Your instructions ▸
What you write must be the listing below in full, word for word, minus its pictures.
── Information provided
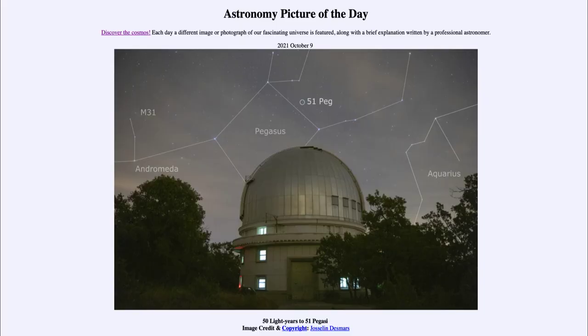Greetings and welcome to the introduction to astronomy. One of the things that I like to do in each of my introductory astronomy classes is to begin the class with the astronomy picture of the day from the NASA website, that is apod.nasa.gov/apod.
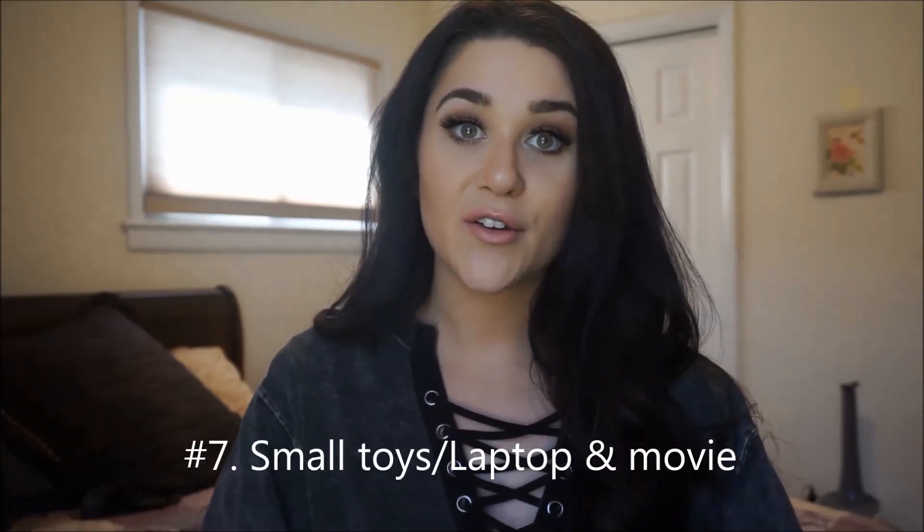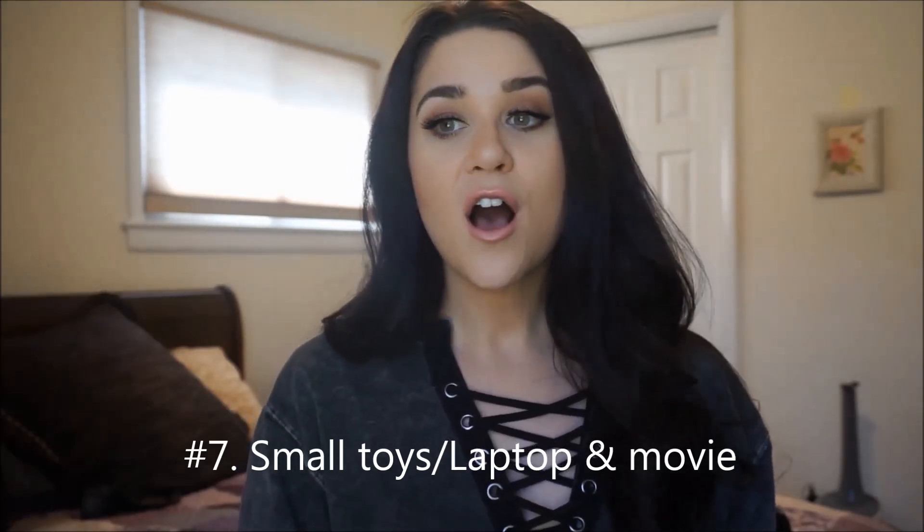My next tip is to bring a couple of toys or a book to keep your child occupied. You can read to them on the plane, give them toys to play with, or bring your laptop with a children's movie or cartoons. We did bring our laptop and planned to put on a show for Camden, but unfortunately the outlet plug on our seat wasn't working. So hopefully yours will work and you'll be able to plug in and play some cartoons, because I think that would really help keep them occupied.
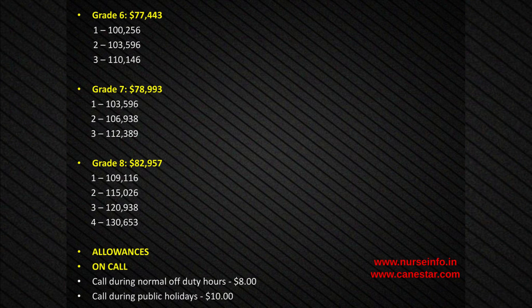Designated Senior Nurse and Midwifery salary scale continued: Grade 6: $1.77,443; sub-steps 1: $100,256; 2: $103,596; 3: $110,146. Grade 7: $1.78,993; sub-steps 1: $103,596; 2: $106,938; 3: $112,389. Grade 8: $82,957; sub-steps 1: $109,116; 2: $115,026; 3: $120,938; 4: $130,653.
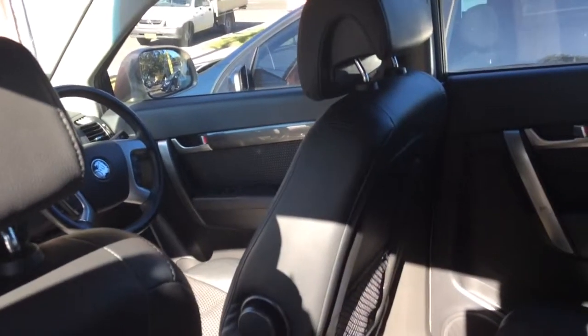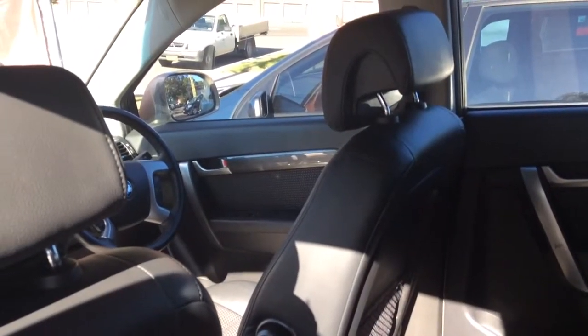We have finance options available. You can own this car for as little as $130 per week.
────
Answer to the problem ▸
Greetings and welcome to the introduction to astronomy. One of the things that I like to do in each of my introductory astronomy classes is to begin the class with the astronomy picture of the day from the NASA website, that is apod.nasa.gov/apod.
My next tip is to bring a couple of toys or a book to keep your child occupied. You can read to them on the plane, give them toys to play with, or bring your laptop with a children's movie or cartoons. We did bring our laptop and planned to put on a show for Camden, but unfortunately the outlet plug on our seat wasn't working. So hopefully yours will work and you'll be able to plug in and play some cartoons, because I think that would really help keep them occupied.
Designated Senior Nurse and Midwifery salary scale continued: Grade 6: $1.77,443; sub-steps 1: $100,256; 2: $103,596; 3: $110,146. Grade 7: $1.78,993; sub-steps 1: $103,596; 2: $106,938; 3: $112,389. Grade 8: $82,957; sub-steps 1: $109,116; 2: $115,026; 3: $120,938; 4: $130,653.
We have finance options available. You can own this car for as little as $130 per week.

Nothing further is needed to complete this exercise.